しかしこの法律、経理担当者が「知らない、聞いたことが無い」となれば、その会社は少し問題があるかもしれません。この法律は、経理業務や納税関係に大きく影響を与えるため、経営者や経理担当者の方には必ず知っておいて頂きたい法律です。

そこでこの記事では、この「電子帳簿保存法」とはどんな法律で、日々の経理業務にどのような影響を与えるかなどについて詳しくお伝えしようと思います。

注意点

この記事は、2022年1月1日改正分についても記載してあります。

目次

電子帳簿保存法とは?

まず、この電子帳簿保存法とは、いったいどんな目的で制定されたのかについて見ていきましょう。

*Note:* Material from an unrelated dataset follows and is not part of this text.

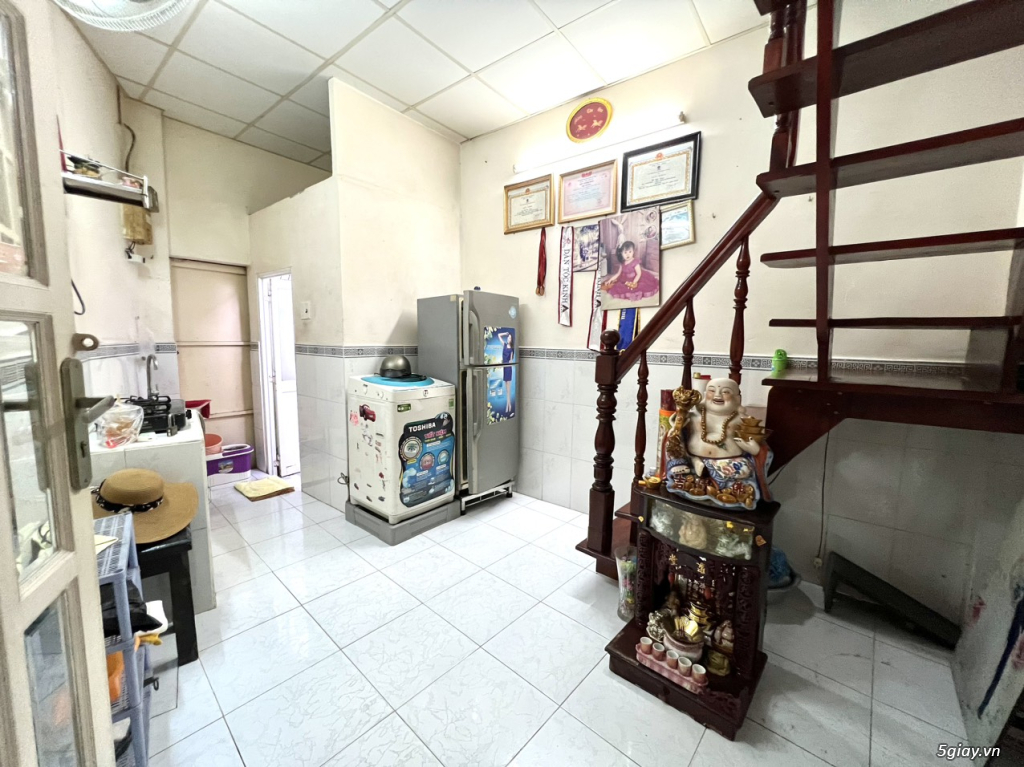 (( Cho Thuê Nhà )) 3m x 5m Hẻm Trần Hưng Đạo. Quận 1 - 3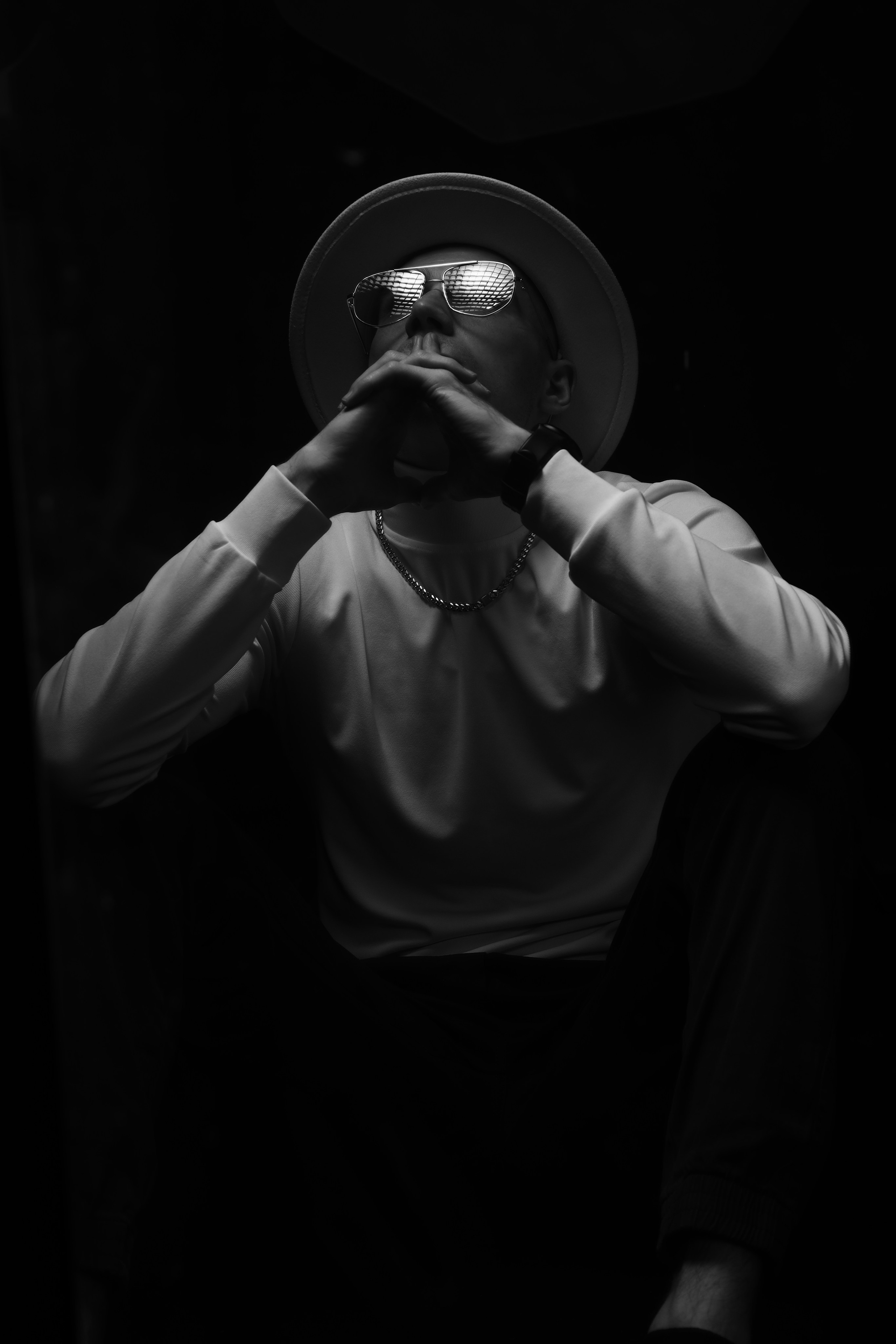 The White hat Alex. Профессиональный фотограф в Воронеже Владислав Крылов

これまで、経理関連の帳簿や書類というのは、原則として「紙で保存する事」とされていました。更に、請求書やレシートなど税務申告に関連する書類はすべて、「5年から7年保存しなくてはならない」とされており、どこの会社にも膨大な量の経理書類が保管されていたと思います。

しかし、紙による保管は膨大な作業量やコストが必要となる事から、経済界側としては「これだけIT(情報技術)が進化しているのに、いつまでも紙による保管はナンセンスだ」と、国税当局に対し文書の電子保存を可能にするよう申し入れていました。

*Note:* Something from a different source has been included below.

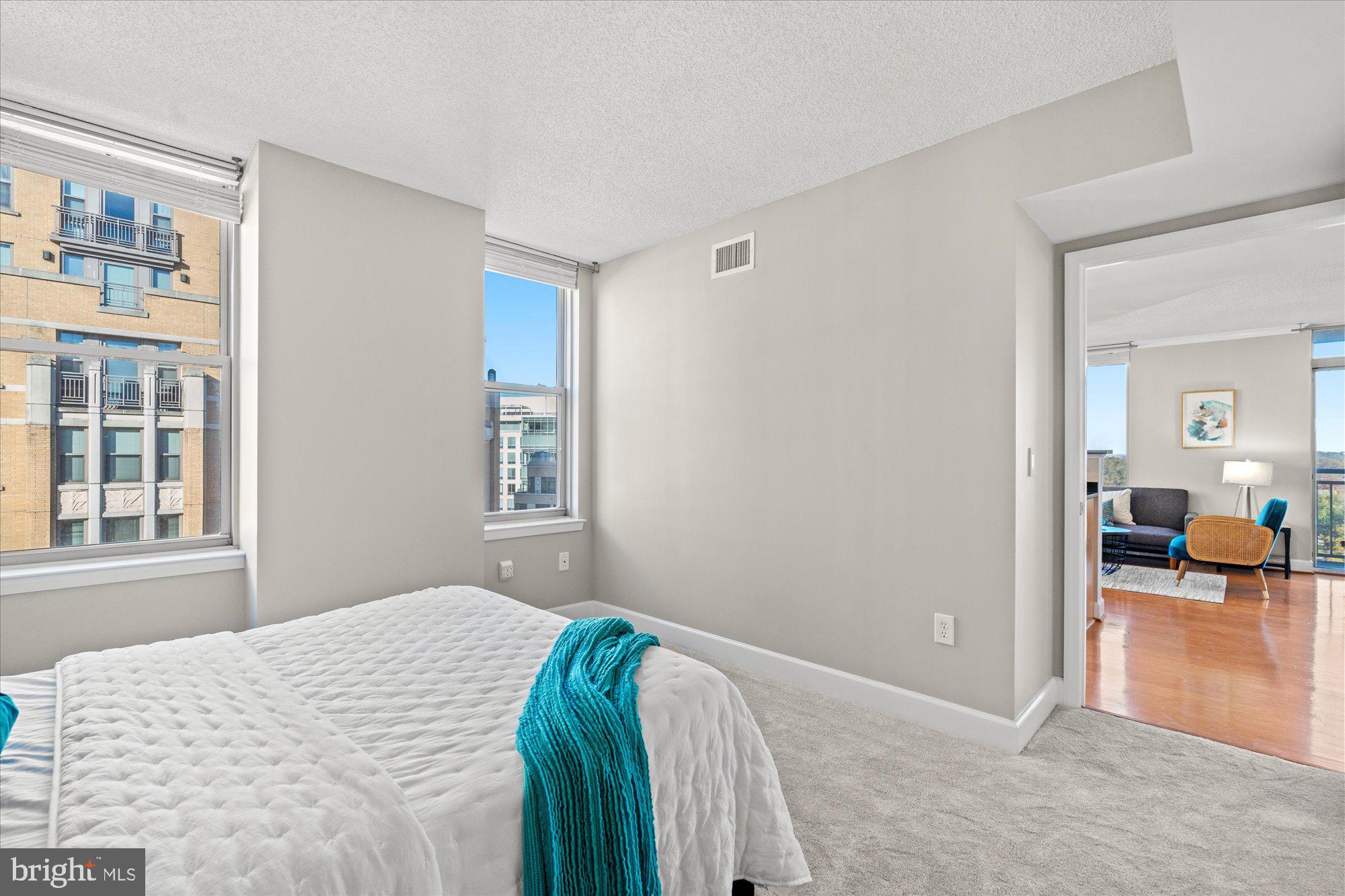 CLARENDON - Residential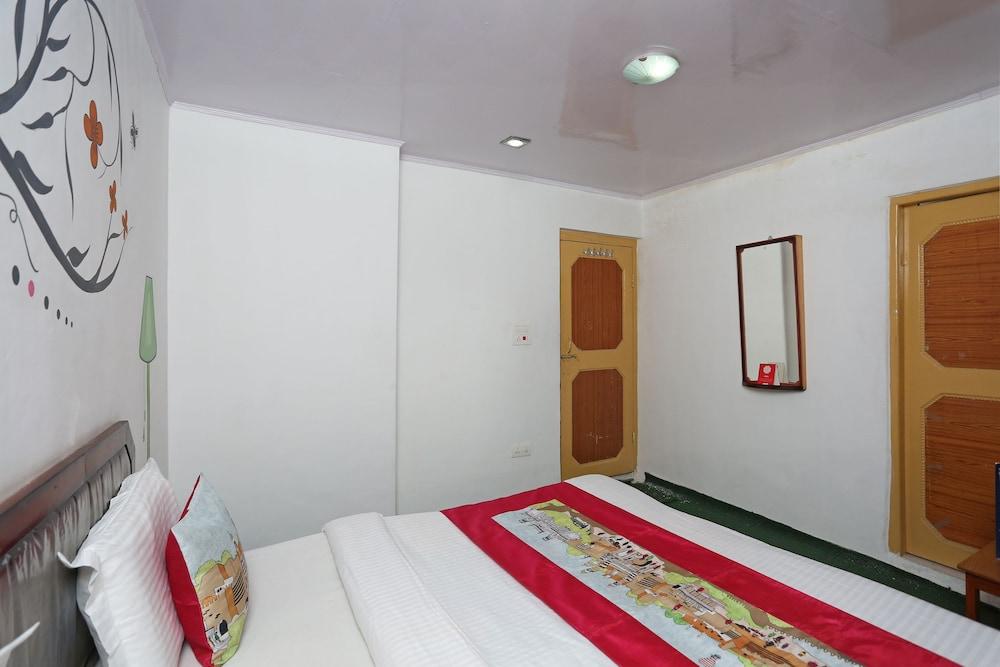 OYO 9083 Hotel Palace Pahalgam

これにより1998年からこの電子帳簿保存法が施行される事となったのですが、当初は電子保管が認められる帳簿や書類の種類が限られていました。

要は、国税当局としては「すべて電子化してしまうと、書類の真実性が損なわれる」つまり、「改ざんされてしまう可能性がある」と導入に慎重だったわけですね。

しかし、その後更なるITの発展などにより、こうした改ざんを防ぐ技術が登場したことなどから、国税当局としても「一定の要件を満たす場合には、対象の幅を広げますよ」と、徐々にその対象となる帳簿や書類を増やしてきました。

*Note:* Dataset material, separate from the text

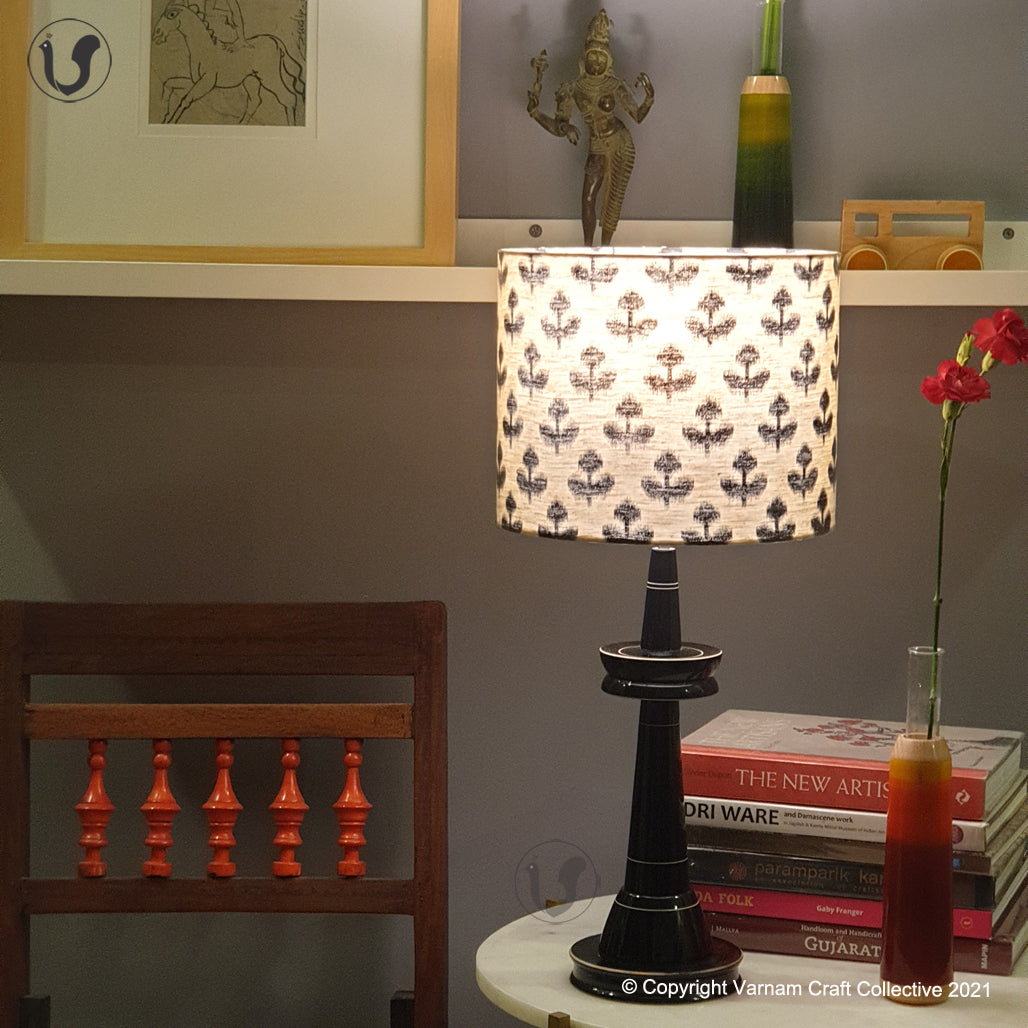 VILLAKKU BASE Black ~ 10" Black Flowers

この法律は度々改正されており、現在では貸借対照表や損益計算書などの決算関係書類も電子保存を認められるようになっています(ただし、これらのスキャナ保存は不可)。

また、確定申告においては、この電子帳簿保存をすることで青色申告の65万円特別控除も認められるようになります(今後の65万円控除は、むしろこうした要件などを満たさなければ55万円控除か10万円控除となる)。

このように、この経理書類における電子化の流れは加速していますから、経理担当者の方や経営者の方などはこの電子帳簿保存法の内容を理解していないと、今後、税務上の特例が利用できないなどといった事態が生じる可能性があるかもしれません。

 

電子帳簿保存法とは?

  • 国税関連書類を、紙ではなく電子データでの保管を認める法律
  • ただし、一定の要件有り
  • 頻繁に改正が行われており、今後もこの流れは加速する

 

ちなみに、よくこの「電子帳簿保存法」と「e-文書法」を混同する人がいるようですが、この違いを簡単に説明するのであれば、「e-文書法が文書電子化の基礎となる法律」であるのに対し、電子帳簿保存法は個別具体的に定めた法律という事になります。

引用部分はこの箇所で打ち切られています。